Zy zullen hem niet temmenDen fieren Vlaamshen Leeuw.
«Им не удастся укротить гордого фламандского льва». Тогда за дело взялись женщины — им хотелось поплясать и своими силами «укротили» старого фламандского льва; и снова начались танцы.
И чем дальше продвигались они в рождественской ночи на борту Счастливой звезды, — под протяжное пение аккордеонов, которые повторяли одни и те же мелодии, еще более, чем голосом, завораживая незатейливостью песни, — и чем глубже проникала в них усталость и дурман от водки и пива, тем все более нереальной делалась харчевня De drie Zwanen.

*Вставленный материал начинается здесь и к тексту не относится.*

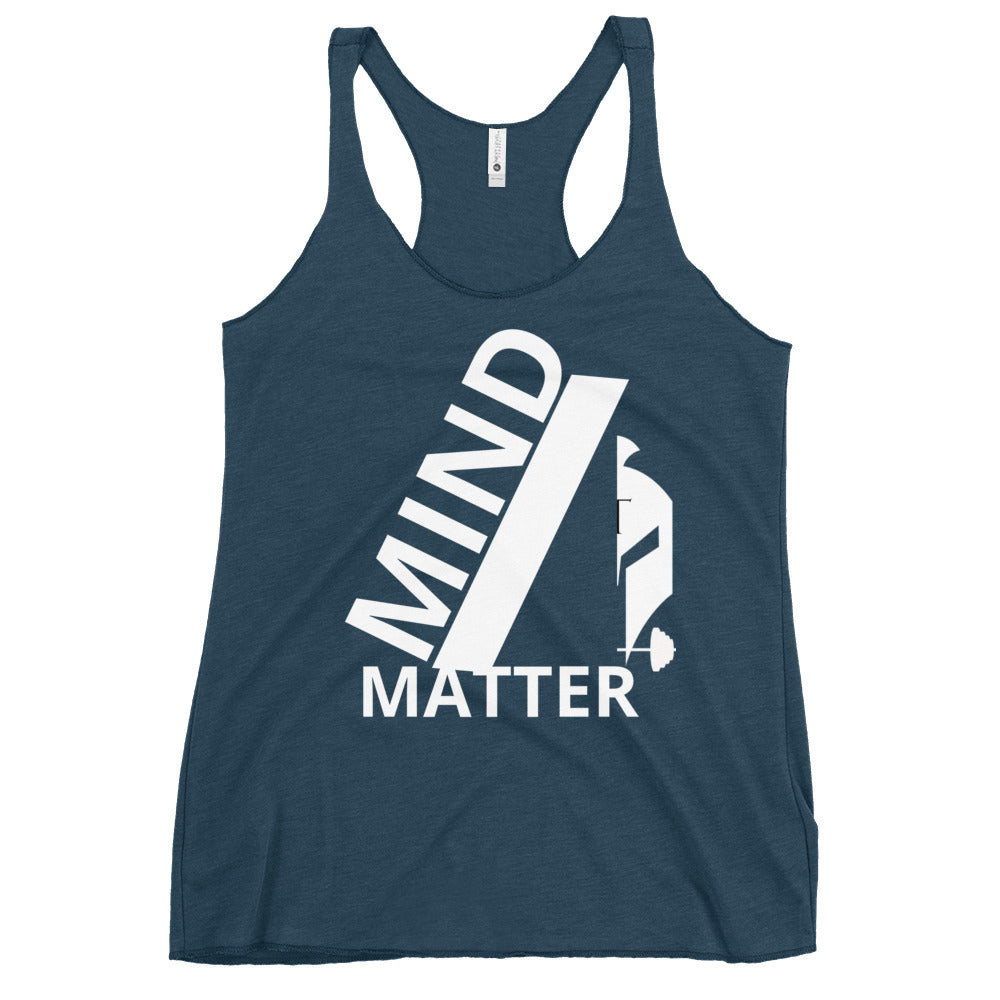 Women's M/M Racerback Tank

Рельефнее выступали отдельные элементы декорации, дань фламандцев Парижу by night[24] — так, как они себе его представляли, — газовый рожок из просмоленного картона, огромный номер, нарисованный на голубой табличке, и под ним надпись: улица Лапп. Очень колоритно выглядело «бистро Фернана», — готовый притон для какого-нибудь фильма с убийствами! Завсегдатаи кафе потягивали черное пиво и отпускали шуточки по адресу истого парижанина — деревянного полицейского, помахивающего жезлом. А кругом танцевали, и надо всем стоял густой запах капусты, жареной картошки, пива и пота от разомлевших девиц и их партнеров в рубашках апаш.
Анна вышла наконец из оцепенения, встала и, пошатываясь, заковыляла к елке без свечей. Эта история с рождеством без свечей не давала ей покоя. Анна еле держалась на ногах и всей повадкою очень напоминала обитательниц женского отделения — девиц из Доброго пастыря. Только эта была на свободе, а те нет — а в общем разницы, никакой. Так же, как между ней и любой другой плясуньей, пусть даже и не подвыпившей. Не соединяет ли невидимая нить так называемых сумасшедших и несумасшедших, и не есть ли Счастливая звезда — преддверие сумасшедшего дома.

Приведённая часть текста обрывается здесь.